A lot of red on the screen last Thursday.
The latest inflation readings were worse than expected. The Dow dropped 500 points.
Remember, we’re only in the very first stage of what we believe will be a multistage disaster, like a traffic pile-up on I-95 during a foggy morning rush hour.
After the Bubble Epoch, created by misters Greenspan, Bernanke, (Ms) Yellen, and Powell, came consumer price inflation. It is still with us. From Bloomberg: ‘US Core Inflation Seen Returning to 40-Year High as Rents Rise’:
‘CPI excluding food, energy probably rose 6.5% from year ago
‘Report expected to keep Fed on path to big November rate hike
‘A key US inflation measure due Thursday is set to return to a four-decade high, underscoring broad and elevated price pressures that are pushing the Federal Reserve toward yet another large interest-rate hike next month.’
And here’s CNBC with the latest on wholesale prices:
‘Wholesale prices rose more than expected in September despite Federal Reserve efforts to control inflation, according to a report Wednesday from the Bureau of Labor Statistics.
‘The producer price index, a measure of prices that U.S. businesses get for the goods and services they produce, increased 0.4% for the month, compared to the Dow Jones estimate for a 0.2% gain. On a 12-month basis, PPI rose 8.5%, which was a slight deceleration from the 8.7% in August.’
The next shoe
The inflation numbers guarantee that we will stay in this deflation stage of the disaster at least a bit longer. Then, something will give. It could be a major pension fund, such as CalPERS, with half a trillion in assets. It could be a Wall Street finance house, such as BlackRock, with US$8.5 trillion in assets. Or it could be a big corporation forced into bankruptcy by rising interest payments.
The longer the Fed remains on course — to exterminate inflation — the closer we get to the ‘pivot’, when a financial shock keeps it from getting the job done.
The big questions are: When will the Fed do its pirouette? And what happens then?
Most people think the Fed will soon go back to normal — which, for them, means rising stock prices, with inflation subdued.
Maybe it’s just our imagination. But we notice a big difference between how young people look at the situation and how older people do. Anyone younger than 60 has no adult recollection of any financial world other than the one we’ve had since 1980. They thought that was normal. And after this hissy fit is over, and the Fed turns around, they believe things will go back to the ‘normal’ they have known.

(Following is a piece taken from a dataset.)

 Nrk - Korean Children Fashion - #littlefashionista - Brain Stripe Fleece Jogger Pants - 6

But there was nothing normal about the 1980–2020 period. Is it normal for stock prices to multiply 36 times — as the Dow did between 1982 and 2021? Is it normal for real bond yields to drop from the high teens down to less than zero? Is it normal for the Fed to ‘print’ more new money in 18 months than it had in nearly 100 years…or for the federal government to multiply its debt by 30 times…even as its carrying cost (interest payments) went down?
Back to the future
We could go on. There were more freaks in this show than in Barnum & Bailey’s circus — zombie corporations, goofy cryptos, billion-dollar valuations for companies with no plausible way to earn money.
And yet…for so many callow investors…that was planet Earth — the way things have been…the way they are…and the way they shall ever be. They think stocks always go up ‘over the long run’. Yes, there may be sell-offs, they admit, but a balanced portfolio of stocks and bonds will always pay off.

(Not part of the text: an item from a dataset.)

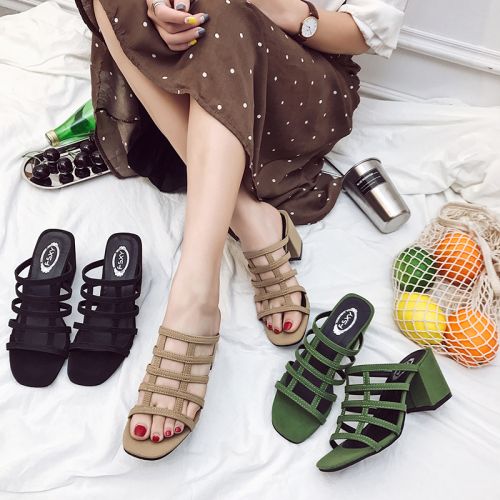Sandales femme en Daim - semelle caoutchouc Ref 2673141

Maybe. But not necessarily in your lifetime.
You’ve got to go back before the ‘80s…and you’ve got to look at it in terms of real money — gold — to see what ‘normal’ really looks like.
If you’d bought stocks in the late 1920s, you would have gotten all 30 Dow stocks in exchange for 16 ounces of gold. Then by 1933, you would’ve lost 90% of your money…and waited another 26 years to break even again.
Yes…prices move in cycles…but they are long cycles.
Same thing in the 1960s. Inflation was dogging the economy then, as it is now. And then, a stockbroker would have told you what he will tell you now — ‘don’t worry about market timing; just get good companies and hold on’.
If you’d owned stocks in the mid-‘60s, your 30 Dow stocks would have been worth as much as 24 ounces of gold. Then, it took 15 years for the market to hit a bottom, in 1980…and you’d be down 93%.
Then what? You would have waited another 17 years to breakeven. Altogether, if you’d bought stocks at age 40 in 1965, you’d be 72 years old in 1997…with not a penny of capital gain to show for it.
But imagine that you followed your broker’s advice…and you just stuck with the program. Today, you’d be 97 years old. And instead of stocks worth 24 ounces of gold, as they were in 1965, they would be worth 17 ounces! Congratulations, your stocks lost 30% of their value over the last 57 years. (Not including dividends.)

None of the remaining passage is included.